== WHAT THE TASK REQUIRES ==
Return, verbatim and in full, the records that follow, but not their pictures.

Short web captions
━━━━━━━━━━━━━━━━━━━━
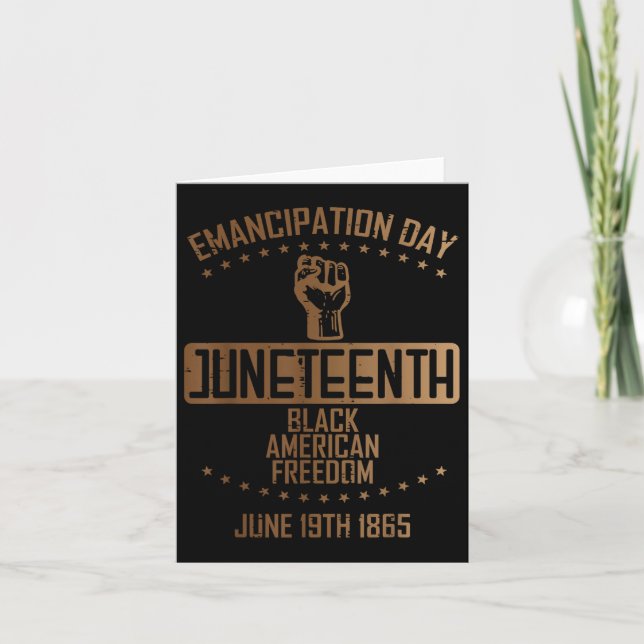 Utelämnande den 19 juni 1865 Manar Wo Kort (Framsida)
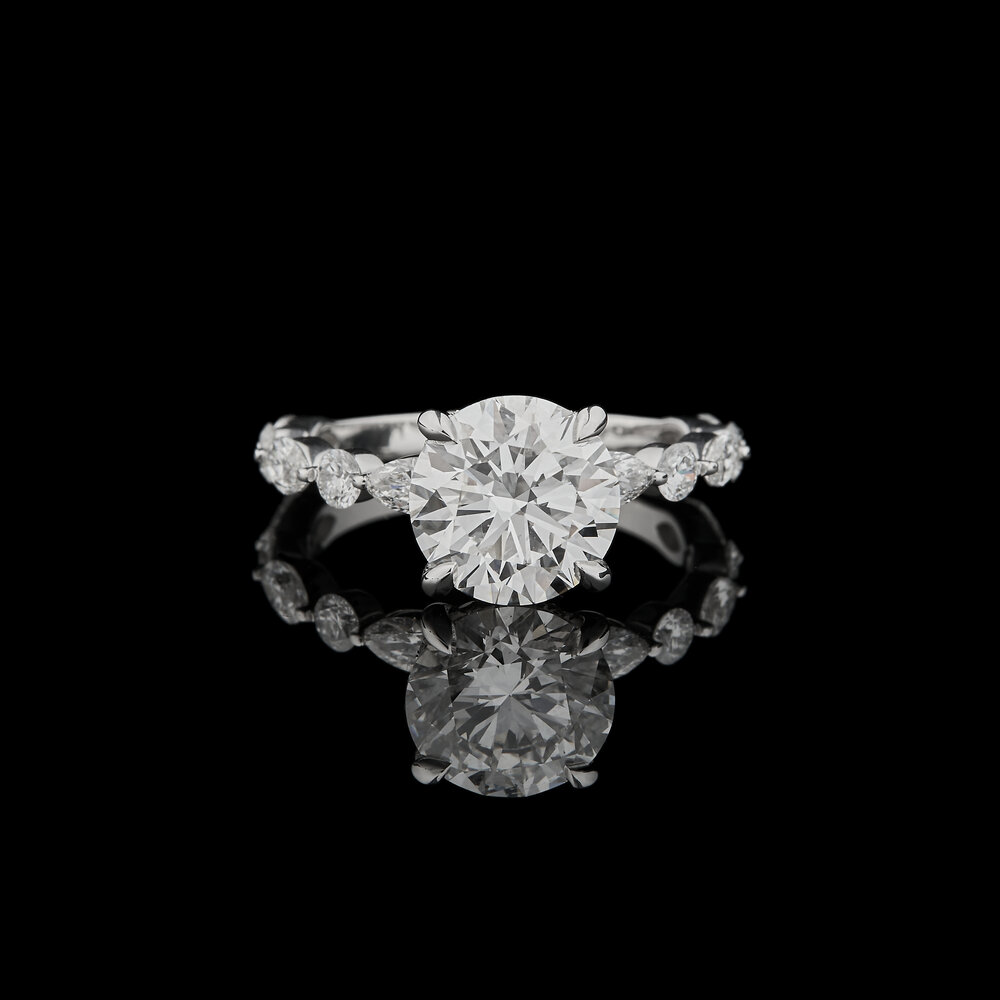Aurora Blossom Diamond Ring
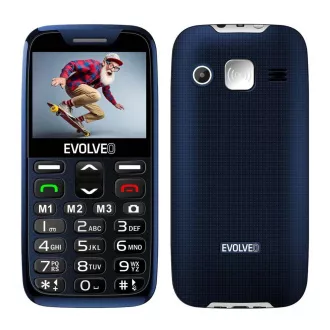 EVOLVEO EasyPhone XR, telefon za starije osobe s postoljem za punjenje, 2.3" 320 x 240/1xSIM/0.3Mpx/microSDHC/1000 mAh/plavi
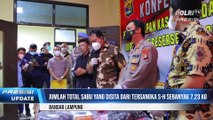 Polda Lampung Ungkap Kasus Peredaran Narkoba Jaringan Antar Provinsi Dengan Menangkap 2 Tersangka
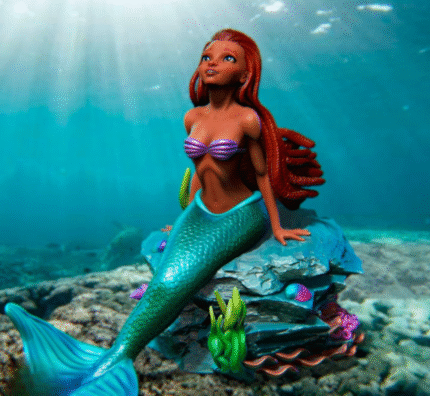 Little Mermaid stl files for 3d printing model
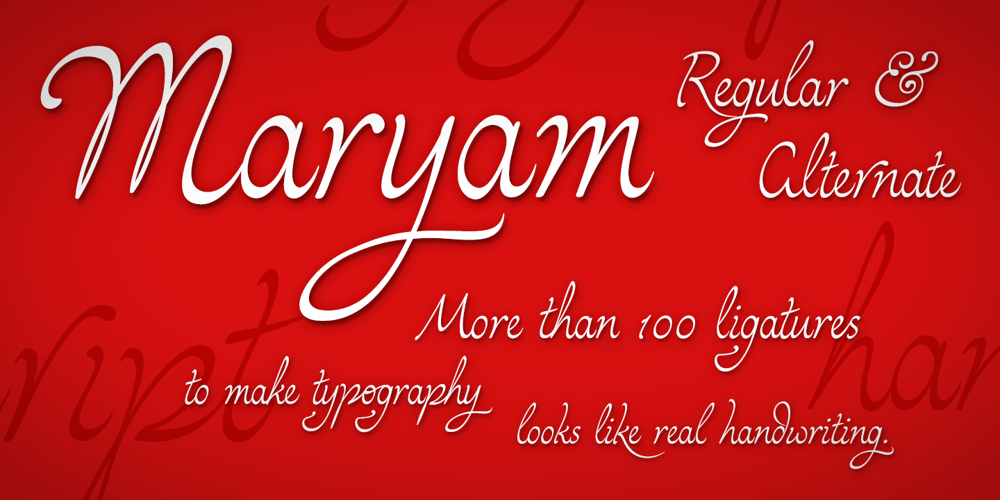 Maryam font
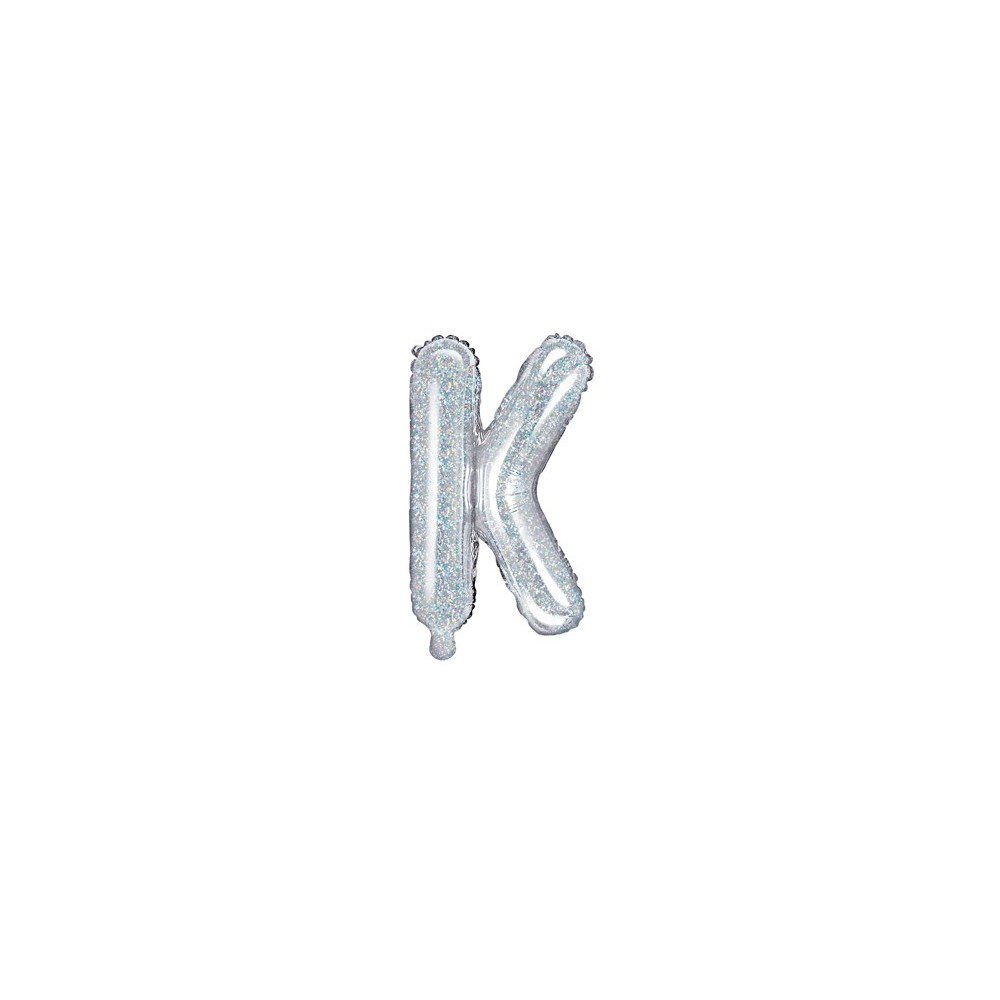 Ballon mylar Lettre ''K''- 35cm - holographique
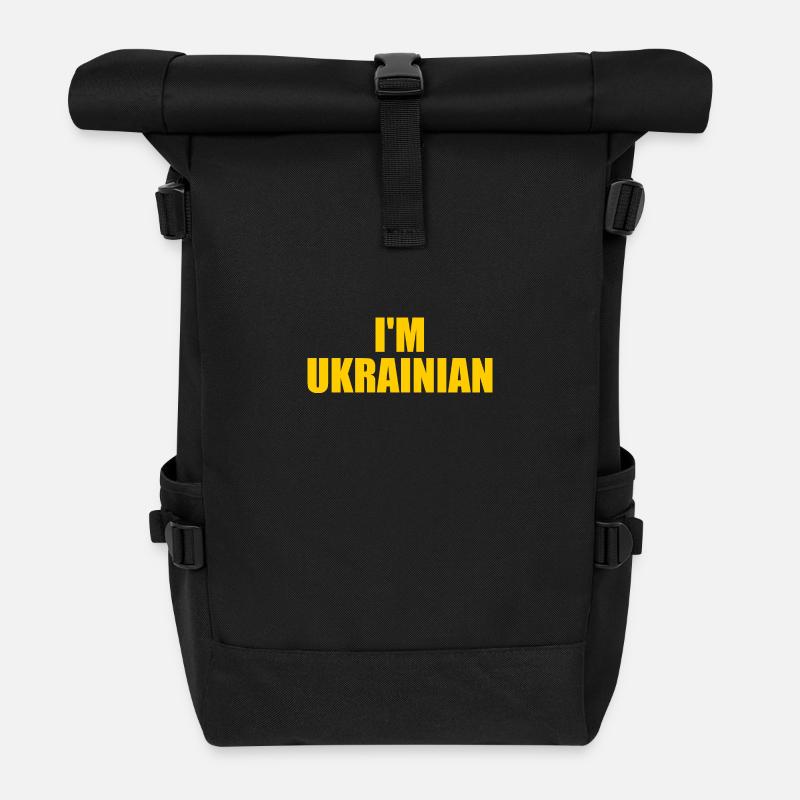 Im ukrainian - Sac à dos roll top - noir
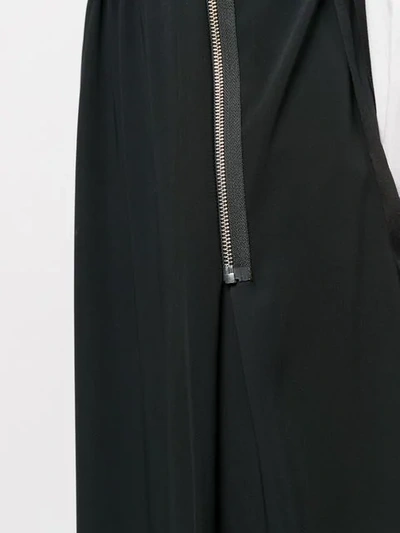 MM6 MAISON MARGIELA LONG PINAFORE DRESS - 黑色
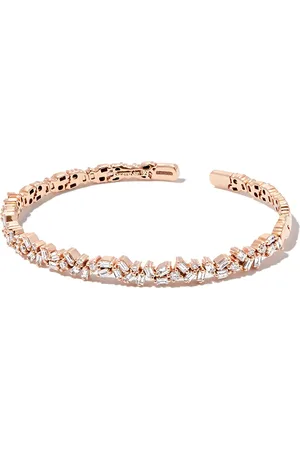Suzanne Kalan Pulsera en oro amarillo de 18kt con diamantes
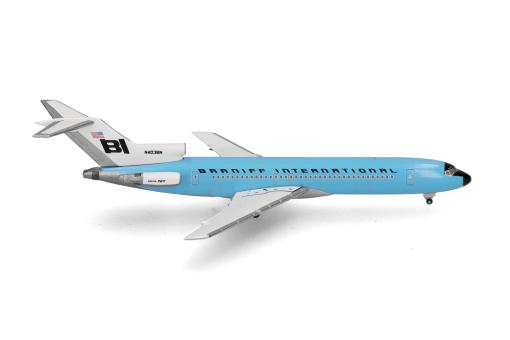 Herpa Wings 1:500 Boeing 727-200 Braniff New Dark Blue 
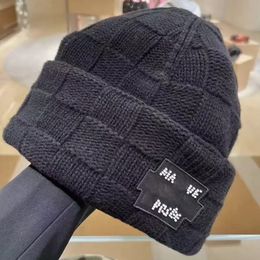 luxury designer beanie women and men New grid letters bonnet hat brim bonnet classic beautiful fashionable autumn and winter wear - zorviavip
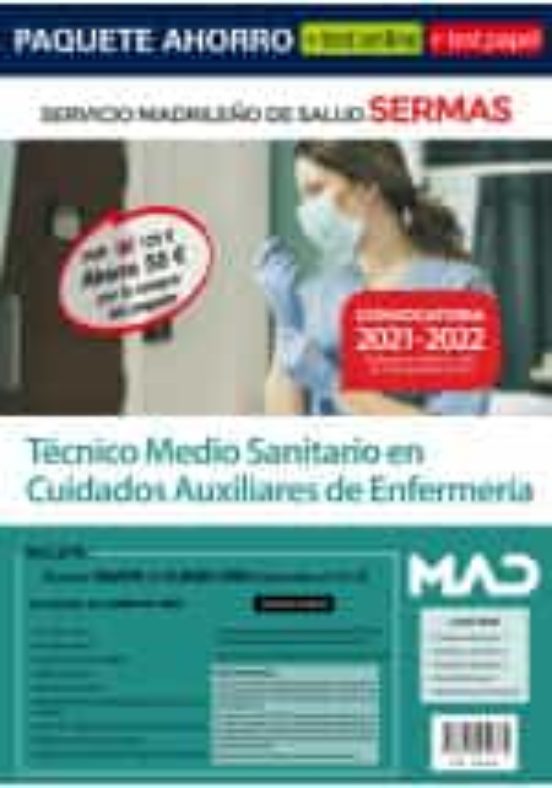 Paquete Ahorro + Test Online + Test Papel Tecnico Medio Sanitario En C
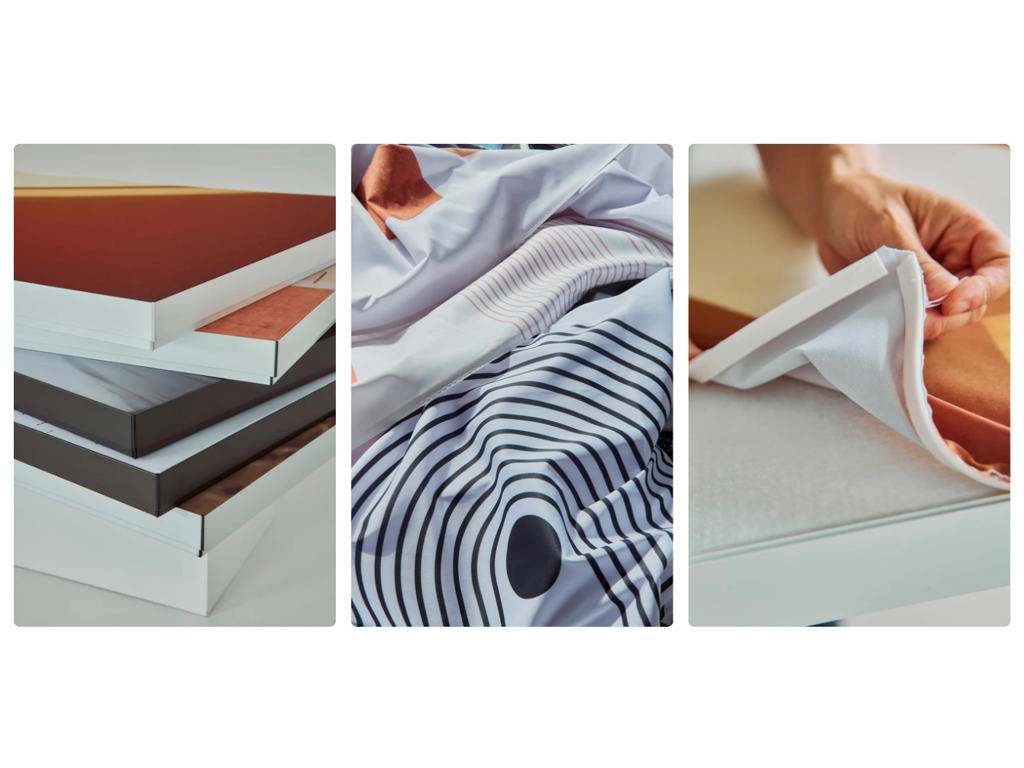 Akustikbillede 800 x 800 mm, aluminium kant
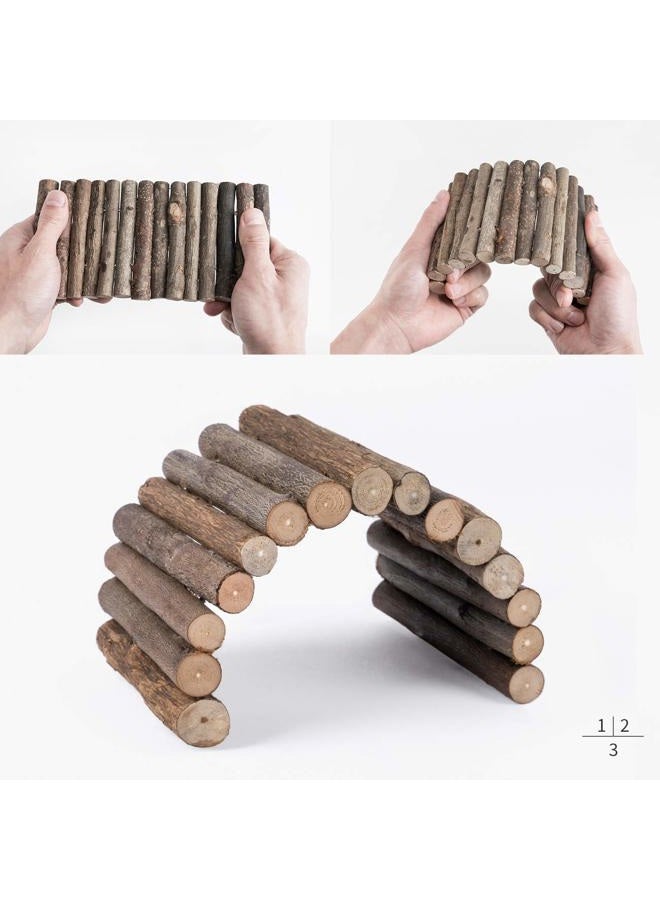 Niteangel Wooden Ladder Bridge, Hamster Mouse Rat Rodents Toy, Small Animal Chew Toy, 9" L - Image 3
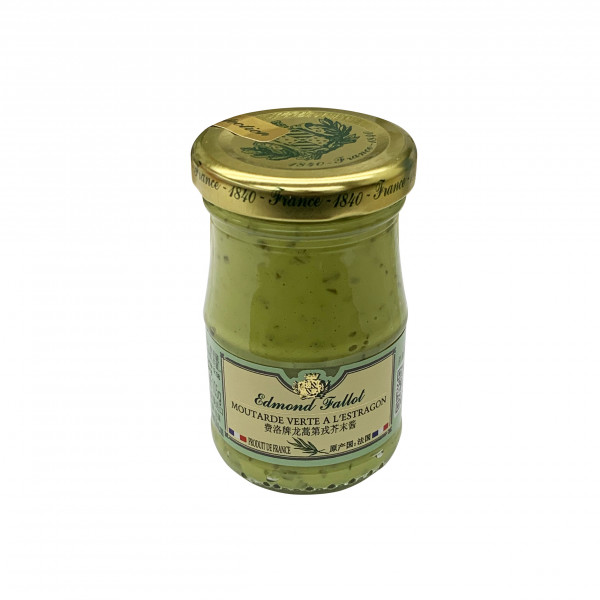 Fallot Tarragon Mustard - Glass Jar 105 G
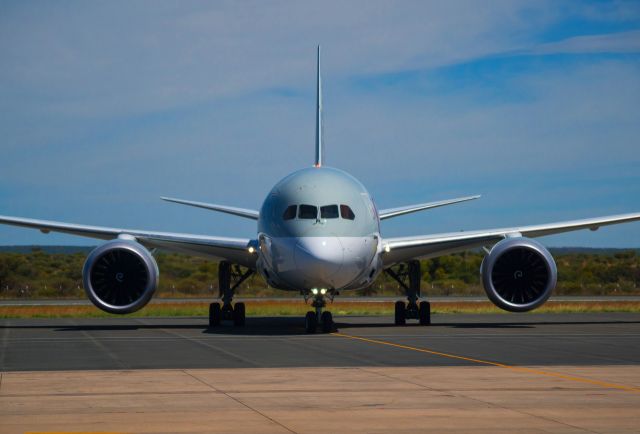 Boeing 787-8 (QTR1373) - Arriving in Namibia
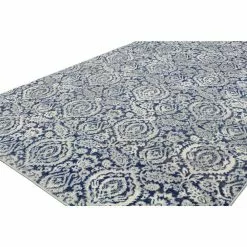 Everek Dk. Blue 3 ft. x 8 ft. (2'6" x 8') Floral Transitional Runner by BASHIAN -BASHIAN Shop dk blue bashian area rugs 649652246727 31 1000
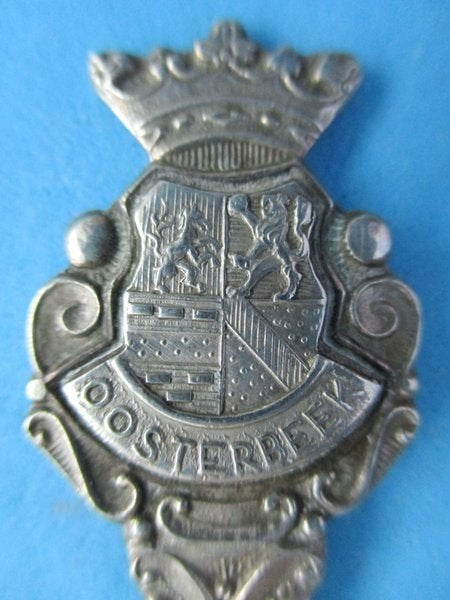 (A3809)  Gemeentewapen Oosterbeek, Ophalen of Verzenden, Gebruikt, Overige materialen, Bestek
━━━━━━━━━━━━━━━━━━━━
== OUTPUT OF THE TASK ==
 Utelämnande den 19 juni 1865 Manar Wo Kort (Framsida)
Aurora Blossom Diamond Ring
 EVOLVEO EasyPhone XR, telefon za starije osobe s postoljem za punjenje, 2.3" 320 x 240/1xSIM/0.3Mpx/microSDHC/1000 mAh/plavi
 Polda Lampung Ungkap Kasus Peredaran Narkoba Jaringan Antar Provinsi Dengan Menangkap 2 Tersangka
 Little Mermaid stl files for 3d printing model
 Maryam font
 Ballon mylar Lettre ''K''- 35cm - holographique
 Im ukrainian - Sac à dos roll top - noir
 MM6 MAISON MARGIELA LONG PINAFORE DRESS - 黑色
Suzanne Kalan Pulsera en oro amarillo de 18kt con diamantes
 Herpa Wings 1:500 Boeing 727-200 Braniff New Dark Blue 
 luxury designer beanie women and men New grid letters bonnet hat brim bonnet classic beautiful fashionable autumn and winter wear - zorviavip
 Paquete Ahorro + Test Online + Test Papel Tecnico Medio Sanitario En C
 Akustikbillede 800 x 800 mm, aluminium kant
 Niteangel Wooden Ladder Bridge, Hamster Mouse Rat Rodents Toy, Small Animal Chew Toy, 9" L - Image 3
 Fallot Tarragon Mustard - Glass Jar 105 G
 Boeing 787-8 (QTR1373) - Arriving in Namibia
 Everek Dk. Blue 3 ft. x 8 ft. (2'6" x 8') Floral Transitional Runner by BASHIAN -BASHIAN Shop dk blue bashian area rugs 649652246727 31 1000
 (A3809)  Gemeentewapen Oosterbeek, Ophalen of Verzenden, Gebruikt, Overige materialen, Bestek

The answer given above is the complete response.